* [Aim of the task] An exact transcription of all the data is required, with every image removed.

* [Source data]
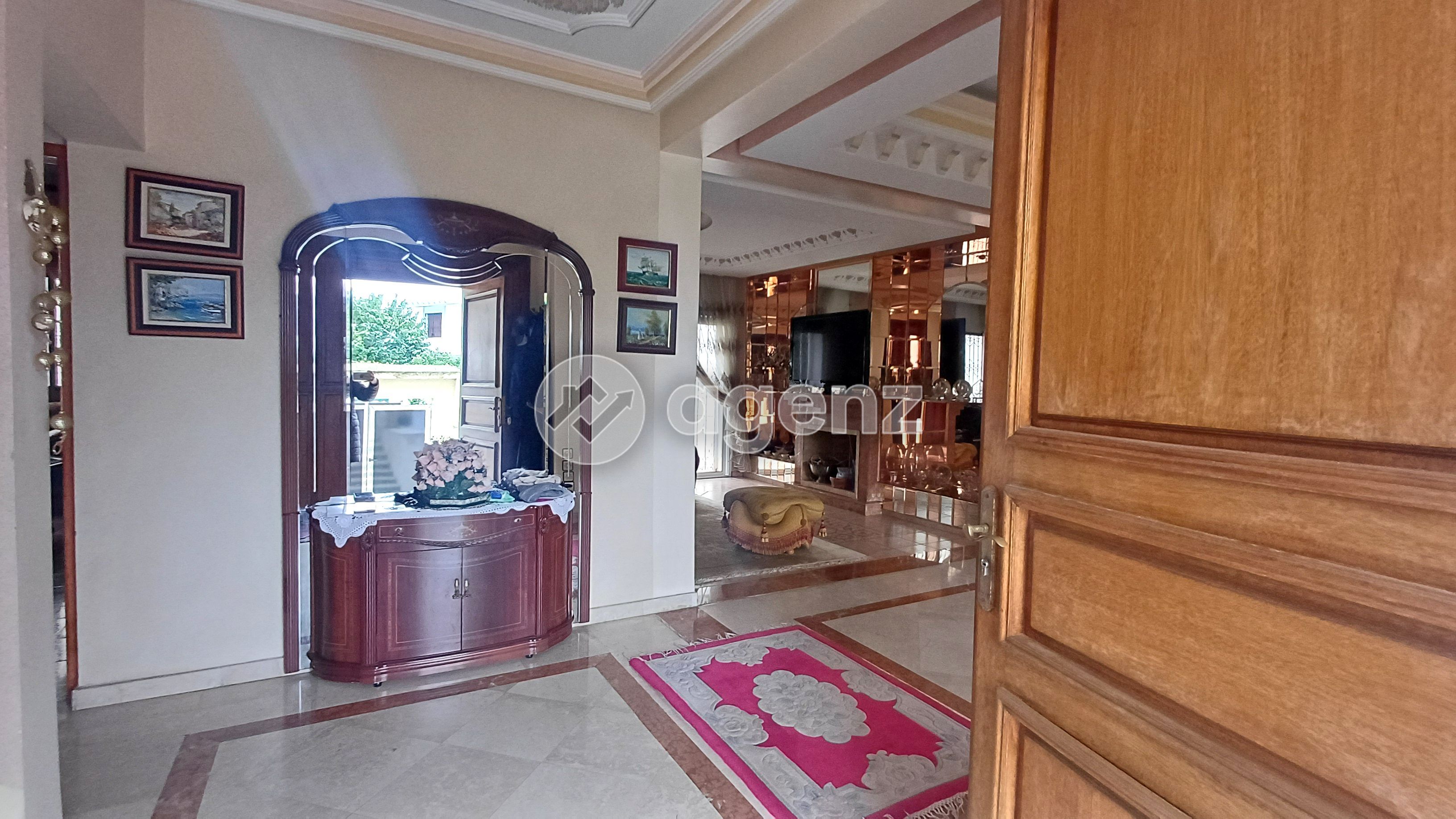  Villa meublée de 4 chambres à louer à Hay Riad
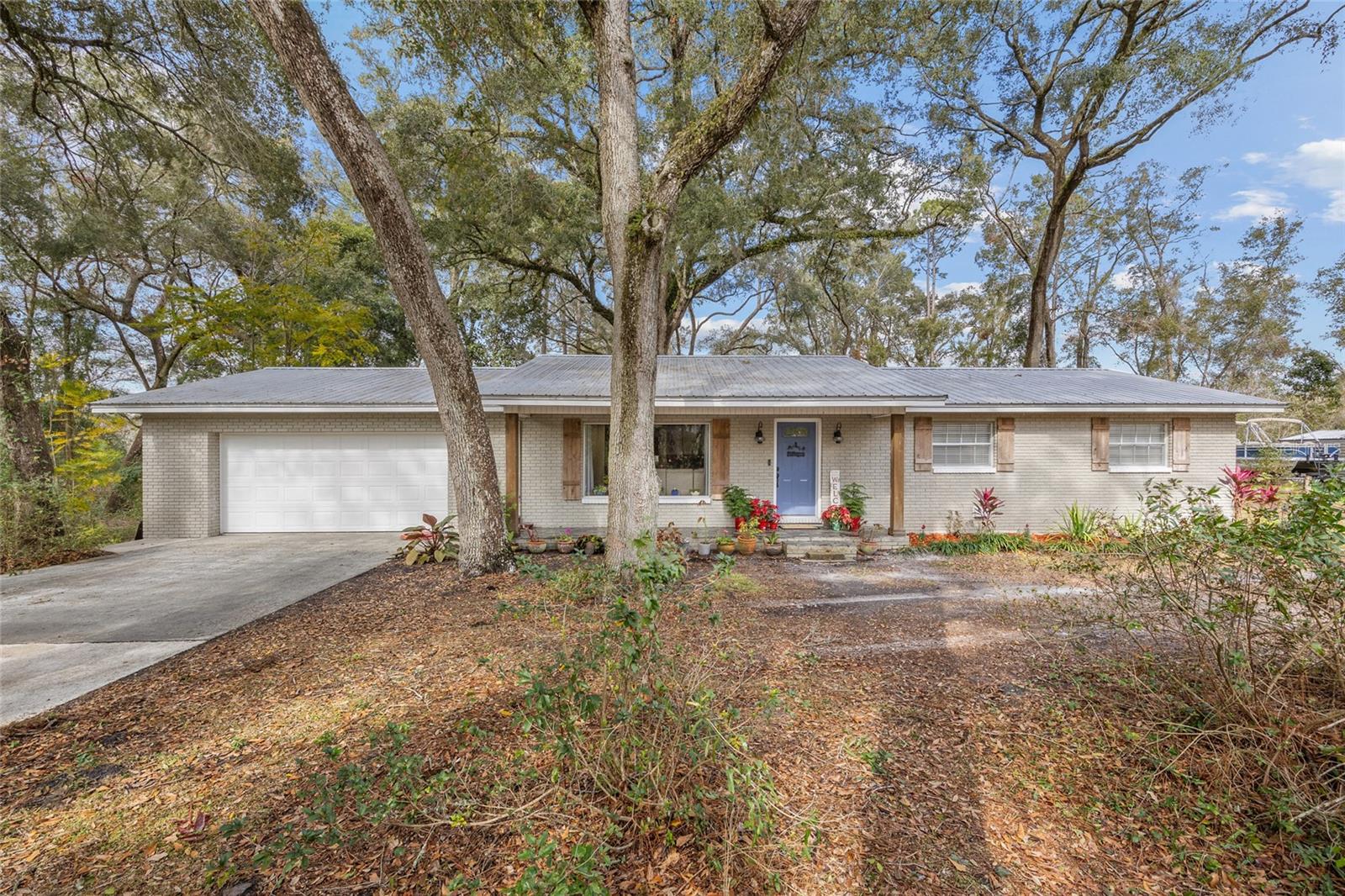 915 SW 4TH AVE, TRENTON, FL, 32693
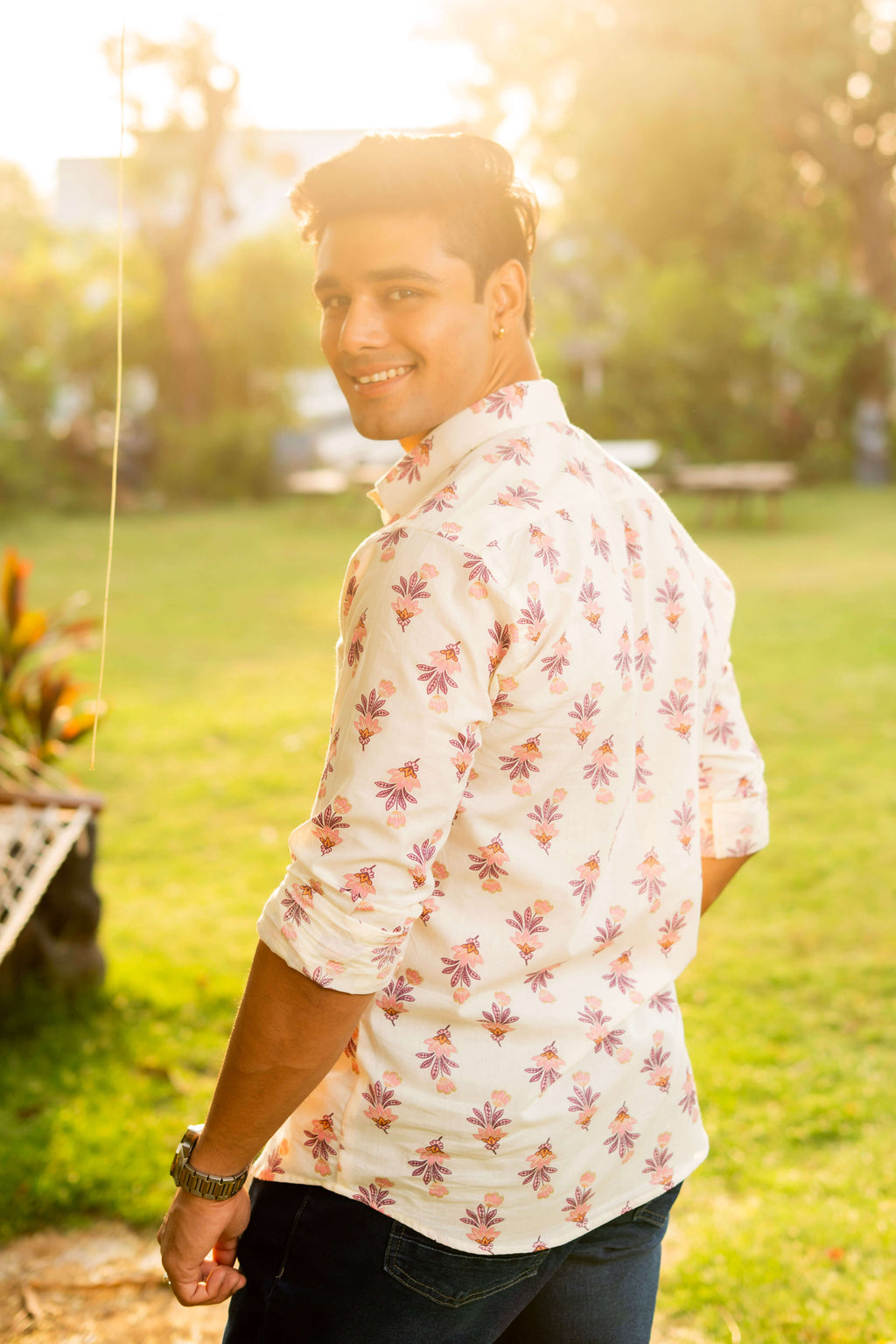 The Daisy White Shirt with Pink Flower Foil Print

* [Finished exercise]
  Villa meublée de 4 chambres à louer à Hay Riad
 915 SW 4TH AVE, TRENTON, FL, 32693
 The Daisy White Shirt with Pink Flower Foil Print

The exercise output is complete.